Les démons déambulaient encore dans les rues, plus silencieuses à présent, mais qui ne désemplissaient pas malgré l'heure bien tardive... ou matinale, selon votre préférence. En tout cas, l'horloge incrustée dans le clocher de la ville affichait un peu moins de cinq heure du matin.

Je vous vois venir mes frères et sœurs, qu'est-ce qu'un clocher vient faire chez les démons ? Ce n'est, ni plus ni moins, qu'un bâtiment décoratif, et quelque peu subversif au vu des activités qu'accueillent le lieu.

Ainsi, dans le quartier résidentiel de la banlieue nord, des immeubles de briques aubergine de quatre étages bordaient la voie de tramway et de bus, la route automobile traversant, comme chez les humains, les souterrains du territoire.

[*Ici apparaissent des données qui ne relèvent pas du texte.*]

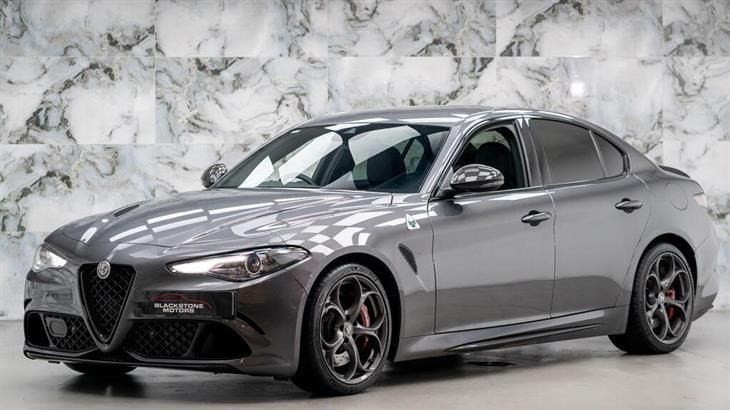 Alfa Romeo Giulia Quadrifoglio Alfa Romeo Giulia 2.9 V6 Bi-Turbo Quadrifoglio Auto Euro 6 (s/s) 4dr — миниатюра 3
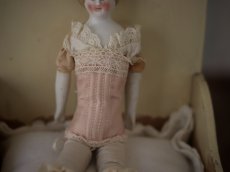 画像3: Victorian Blonde China Head Doll Wearing a Pink Corset＆Pink Boots//6.7in (3)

Une grille en argent, surmontée de piques en onyx sculptés en flèches athlétiques, entourait un des parcs de la ville. Bien que petit et ne bénéficiant que d'une sommaire aire de jeu pour enfant, il apportait un peu de verdure dans cette ville aux couleurs sombres et aux bâtiments terrifiants. En effet, de grands arbres aux feuillages de jais fendaient le bitume pour rejoindre le ciel et échapper aux Enfers. Quelques tags sataniques - terriblement cliché - recouvraient certaines façades de fresques glauques réalisées par des jeunes sans grande ambition professionnelle, à la dérive, mais que les résidents appréciaient néanmoins.

A quelques pâtés de maisons de là, l'éclairage public se faisait plus voyant, le centre-ville luisait en cette fin de matinée, concurrence à laquelle les lampadaires espacés de la banlieue, qui enfermaient une lampe dans des vitres teintées de byzantium, ne pouvaient rivaliser. Du cœur de la ville parvenait aussi des bribes de voix, des sons métalliques et le remue-ménage des jeunes et fêtards un peu éméchés. Les néons d'enseignes de boutiques diverses affichaient « Ouvert H24 et 7j/7 », chose étonnante pour un peuple chez qui le travail n'était pas une grande contrainte. Quoi qu'il en fût, la ville, bien qu'elle ne battît pas à son plein régime à cette heure-ci, restait dans un éveil constant, digne d'une capitale, et baignait dans un nid de faisceaux lumineux multicolores. Les passants, eux, se détachaient des couleurs sombres des constructions grâce à leurs cheveux flashy et leurs tenues extravagantes et osées selon les différents points de vue. Contrairement à l'image du parfait démon que se faisaient les autres peuples, le style gothique ne dominait pas.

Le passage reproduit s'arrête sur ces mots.